Throughout this long story, there is one single issue that is raised more than any other, man’s inhumanity to man. This subject continues to emerge again and again, from the inhumanity of the French nobility to its subjects, to the common people as they start to usurp power. This issue is dealt with in a very brutal, yet always tasteful manner throughout Versailles.
Because of the length of time these 40 episodes span (from 1770 – 1794), the series often jumps several years at a time. These jumps can sometimes cause confusion as to the exact points in history, but fortunately the narration easily keeps the viewer up to speed.
Rose of Versailles is surprisingly accurate for an historical anime; this turns out to be both a blessing and a curse. Unfortunately, if you are remotely familiar with French history you already know the ending of Rose of Versailles. At the same time, after the credits for the final episode roll, most viewers are often quickly looking up historical texts to find out how much of Rose of Versailles really happened (you would be quite surprised at the results), to find out what your favourite characters really were like.
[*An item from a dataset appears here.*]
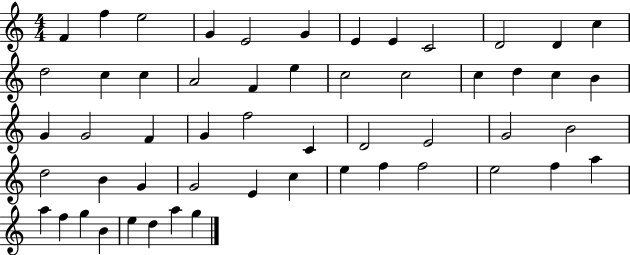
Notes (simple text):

F4/q F5/q E5/h G4/q E4/h G4/q E4/q E4/q C4/h D4/h D4/q C5/q D5/h C5/q C5/q A4/h F4/q E5/q C5/h C5/h C5/q D5/q C5/q B4/q G4/q G4/h F4/q G4/q F5/h C4/q D4/h E4/h G4/h B4/h D5/h B4/q G4/q G4/h E4/q C5/q E5/q F5/q F5/h E5/h F5/q A5/q A5/q F5/q G5/q B4/q E5/q D5/q A5/q G5/q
This is Rose of Versailles greatest strength. The cast of characters, many of which are pulled from history are utterly convincing and realistic in their actions. Those drawn from reality are believable, even if their roles are changed to suit the dramatic story. Those who are invented fit absolutely perfectly in reality.
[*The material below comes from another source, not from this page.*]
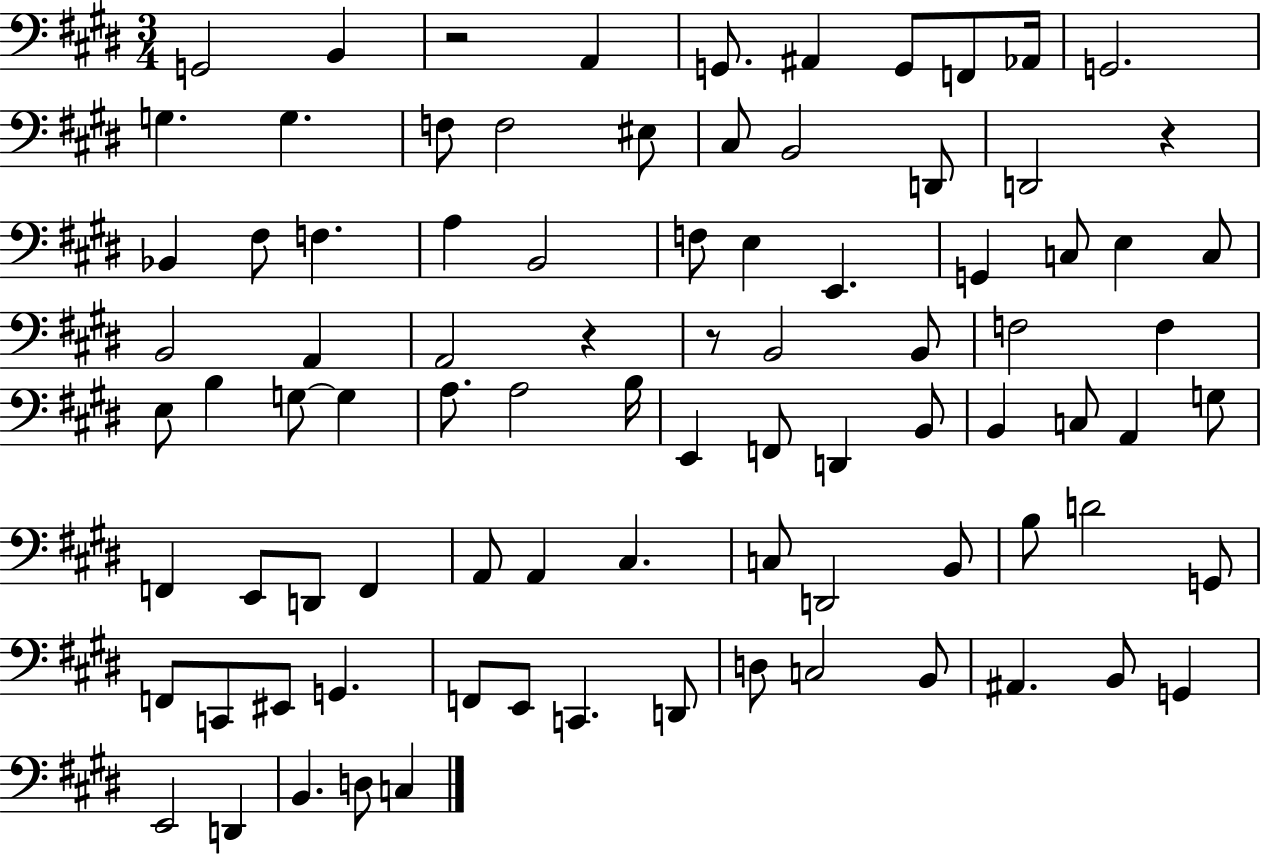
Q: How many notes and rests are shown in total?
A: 88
The lead character of Oscar Francois De Jerjeyes is one of the greatest lead characters in Anime. One of those rare characters that is both inspirational and deeply dramatic, her fight between her masculine and feminine sides is incredibly interesting.
Of the characters drawn from history, the most interesting is that of Marie Antoinette. Although her role is slightly exaggerated, her ladylike nature and sweet naivety is an excellent counterbalance to Oscar’s masculinity and realism.
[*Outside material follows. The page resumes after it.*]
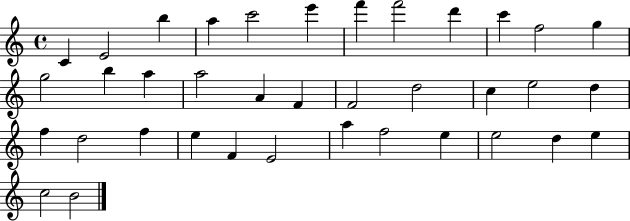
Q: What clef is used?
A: treble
The animation style used within Rose of Versailles is slightly dated, using techniques that are often ridiculous looking and outright laughable at times. Despite this, the vibrant colours and ahead of its time animation is still easy on the eyes.
The background designs and character styles are extremely accurate to history and easily immerse you in the life and times of pre Revolutionary France.
Voice Acting/Music: 8/10
The voice acting in Rose of Versailles is extremely well performed. There are no characters whose voices are annoying or grind on your ears. The voice of Oscar is the standout within the anime, who provides a strong and altogether powerful performance.
The music is incredibly drawn from instrumental and orchestral nature. This music is genuine to the period of this piece. Altogether, despite some music tracks, which have a rather dated feel, the music is often powerful and effective.
Although many aspects of Rose of Versailles are rather dated, the story is timeless, whose characters and themes have been copied countless times. Despite the slow beginning, this story builds to an exciting and conclusion, which is close to perfection. This piece is timeless and an utterly wonderful story.